**TASK INSTRUCTIONS**
For this exercise, reproduce the entries below exactly, but only from the line containing "オリザ油化の機能性表示食品素材" through the line containing "Terreno en Punta Ballena, Club del Lago", both included.

**DATA FOR PROCESSING**
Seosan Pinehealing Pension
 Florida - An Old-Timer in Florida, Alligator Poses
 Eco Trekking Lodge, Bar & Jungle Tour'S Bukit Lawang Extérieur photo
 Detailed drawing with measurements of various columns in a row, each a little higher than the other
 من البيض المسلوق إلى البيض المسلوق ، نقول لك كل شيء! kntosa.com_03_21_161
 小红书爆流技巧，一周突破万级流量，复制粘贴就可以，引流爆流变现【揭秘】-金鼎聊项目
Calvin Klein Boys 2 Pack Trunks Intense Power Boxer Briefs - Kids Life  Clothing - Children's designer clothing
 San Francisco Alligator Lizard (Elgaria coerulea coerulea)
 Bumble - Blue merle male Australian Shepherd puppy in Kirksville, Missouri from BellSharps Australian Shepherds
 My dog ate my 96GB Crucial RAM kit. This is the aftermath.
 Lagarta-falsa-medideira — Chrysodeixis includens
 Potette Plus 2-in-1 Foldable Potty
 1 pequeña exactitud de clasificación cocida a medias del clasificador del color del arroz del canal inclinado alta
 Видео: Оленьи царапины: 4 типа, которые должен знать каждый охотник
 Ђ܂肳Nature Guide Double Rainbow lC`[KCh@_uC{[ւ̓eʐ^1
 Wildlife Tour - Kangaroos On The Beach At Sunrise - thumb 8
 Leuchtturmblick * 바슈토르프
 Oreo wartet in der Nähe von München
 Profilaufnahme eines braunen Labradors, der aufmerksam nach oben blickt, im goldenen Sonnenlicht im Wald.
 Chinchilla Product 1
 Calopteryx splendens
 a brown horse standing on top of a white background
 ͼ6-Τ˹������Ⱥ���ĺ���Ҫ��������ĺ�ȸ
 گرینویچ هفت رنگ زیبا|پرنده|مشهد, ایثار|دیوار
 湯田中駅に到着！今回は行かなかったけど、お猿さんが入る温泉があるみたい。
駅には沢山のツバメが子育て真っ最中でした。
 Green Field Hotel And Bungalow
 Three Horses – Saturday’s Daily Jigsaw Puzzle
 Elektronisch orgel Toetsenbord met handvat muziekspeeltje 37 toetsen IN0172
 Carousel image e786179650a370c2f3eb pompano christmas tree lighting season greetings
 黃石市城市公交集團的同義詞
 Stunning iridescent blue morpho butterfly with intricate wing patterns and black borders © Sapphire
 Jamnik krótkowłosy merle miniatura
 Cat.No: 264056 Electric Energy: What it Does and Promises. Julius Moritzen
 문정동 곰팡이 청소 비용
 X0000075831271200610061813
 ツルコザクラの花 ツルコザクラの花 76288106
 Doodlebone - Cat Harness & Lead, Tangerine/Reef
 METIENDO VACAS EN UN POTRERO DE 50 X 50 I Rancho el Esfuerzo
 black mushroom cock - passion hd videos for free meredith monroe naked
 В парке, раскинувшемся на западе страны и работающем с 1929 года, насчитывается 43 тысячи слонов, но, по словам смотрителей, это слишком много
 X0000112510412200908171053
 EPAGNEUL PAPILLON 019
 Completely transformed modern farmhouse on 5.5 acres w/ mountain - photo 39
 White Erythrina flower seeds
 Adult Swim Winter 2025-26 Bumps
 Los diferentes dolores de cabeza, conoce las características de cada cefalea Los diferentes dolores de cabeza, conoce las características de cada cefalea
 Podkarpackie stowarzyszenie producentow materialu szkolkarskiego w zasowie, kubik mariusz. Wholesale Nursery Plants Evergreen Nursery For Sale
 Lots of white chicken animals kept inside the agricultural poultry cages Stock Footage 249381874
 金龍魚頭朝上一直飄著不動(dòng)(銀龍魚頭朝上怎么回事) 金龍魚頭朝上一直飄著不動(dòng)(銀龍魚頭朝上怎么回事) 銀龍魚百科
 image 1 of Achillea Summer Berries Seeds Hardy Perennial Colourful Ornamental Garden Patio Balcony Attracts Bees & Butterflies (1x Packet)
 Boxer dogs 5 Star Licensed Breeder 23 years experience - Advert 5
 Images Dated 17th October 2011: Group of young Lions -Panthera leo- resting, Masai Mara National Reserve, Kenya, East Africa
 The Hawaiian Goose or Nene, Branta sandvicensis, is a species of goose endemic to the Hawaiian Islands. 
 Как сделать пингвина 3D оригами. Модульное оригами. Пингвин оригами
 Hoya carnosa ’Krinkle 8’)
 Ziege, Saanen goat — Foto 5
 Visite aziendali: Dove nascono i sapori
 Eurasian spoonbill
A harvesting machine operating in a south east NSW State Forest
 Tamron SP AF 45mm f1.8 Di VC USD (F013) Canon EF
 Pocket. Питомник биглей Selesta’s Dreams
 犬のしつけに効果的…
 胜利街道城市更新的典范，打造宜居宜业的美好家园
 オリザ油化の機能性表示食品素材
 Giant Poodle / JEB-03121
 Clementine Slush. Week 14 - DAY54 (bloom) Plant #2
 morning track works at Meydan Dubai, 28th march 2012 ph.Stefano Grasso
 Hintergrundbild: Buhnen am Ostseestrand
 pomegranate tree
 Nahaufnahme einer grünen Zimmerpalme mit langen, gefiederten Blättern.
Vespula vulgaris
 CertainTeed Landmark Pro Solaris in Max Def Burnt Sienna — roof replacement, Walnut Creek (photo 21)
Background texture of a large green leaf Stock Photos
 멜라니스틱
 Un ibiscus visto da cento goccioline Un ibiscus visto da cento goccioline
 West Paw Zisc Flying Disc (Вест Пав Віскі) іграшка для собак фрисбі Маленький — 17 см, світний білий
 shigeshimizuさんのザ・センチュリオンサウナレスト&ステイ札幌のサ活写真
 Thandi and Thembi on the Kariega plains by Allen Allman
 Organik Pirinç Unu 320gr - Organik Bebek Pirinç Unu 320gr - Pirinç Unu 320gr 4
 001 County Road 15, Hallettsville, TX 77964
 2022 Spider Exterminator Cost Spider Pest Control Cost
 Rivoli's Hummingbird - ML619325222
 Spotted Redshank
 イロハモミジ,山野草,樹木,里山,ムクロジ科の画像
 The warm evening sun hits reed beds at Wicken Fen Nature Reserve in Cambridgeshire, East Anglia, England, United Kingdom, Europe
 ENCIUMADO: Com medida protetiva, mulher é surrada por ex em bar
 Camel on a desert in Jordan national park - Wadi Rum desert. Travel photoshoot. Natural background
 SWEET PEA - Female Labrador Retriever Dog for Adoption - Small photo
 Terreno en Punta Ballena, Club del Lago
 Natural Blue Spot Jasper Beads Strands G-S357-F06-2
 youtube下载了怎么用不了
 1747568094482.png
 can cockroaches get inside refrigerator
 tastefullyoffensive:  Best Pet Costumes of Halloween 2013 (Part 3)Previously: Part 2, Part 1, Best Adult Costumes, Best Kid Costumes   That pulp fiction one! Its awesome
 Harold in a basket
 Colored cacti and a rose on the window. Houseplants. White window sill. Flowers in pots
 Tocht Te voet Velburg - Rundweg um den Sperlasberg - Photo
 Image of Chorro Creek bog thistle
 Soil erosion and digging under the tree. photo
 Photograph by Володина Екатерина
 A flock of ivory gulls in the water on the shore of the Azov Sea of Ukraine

**EXERCISE OUTPUT**
 オリザ油化の機能性表示食品素材
 Giant Poodle / JEB-03121
 Clementine Slush. Week 14 - DAY54 (bloom) Plant #2
 morning track works at Meydan Dubai, 28th march 2012 ph.Stefano Grasso
 Hintergrundbild: Buhnen am Ostseestrand
 pomegranate tree
 Nahaufnahme einer grünen Zimmerpalme mit langen, gefiederten Blättern.
Vespula vulgaris
 CertainTeed Landmark Pro Solaris in Max Def Burnt Sienna — roof replacement, Walnut Creek (photo 21)
Background texture of a large green leaf Stock Photos
 멜라니스틱
 Un ibiscus visto da cento goccioline Un ibiscus visto da cento goccioline
 West Paw Zisc Flying Disc (Вест Пав Віскі) іграшка для собак фрисбі Маленький — 17 см, світний білий
 shigeshimizuさんのザ・センチュリオンサウナレスト&ステイ札幌のサ活写真
 Thandi and Thembi on the Kariega plains by Allen Allman
 Organik Pirinç Unu 320gr - Organik Bebek Pirinç Unu 320gr - Pirinç Unu 320gr 4
 001 County Road 15, Hallettsville, TX 77964
 2022 Spider Exterminator Cost Spider Pest Control Cost
 Rivoli's Hummingbird - ML619325222
 Spotted Redshank
 イロハモミジ,山野草,樹木,里山,ムクロジ科の画像
 The warm evening sun hits reed beds at Wicken Fen Nature Reserve in Cambridgeshire, East Anglia, England, United Kingdom, Europe
 ENCIUMADO: Com medida protetiva, mulher é surrada por ex em bar
 Camel on a desert in Jordan national park - Wadi Rum desert. Travel photoshoot. Natural background
 SWEET PEA - Female Labrador Retriever Dog for Adoption - Small photo
 Terreno en Punta Ballena, Club del Lago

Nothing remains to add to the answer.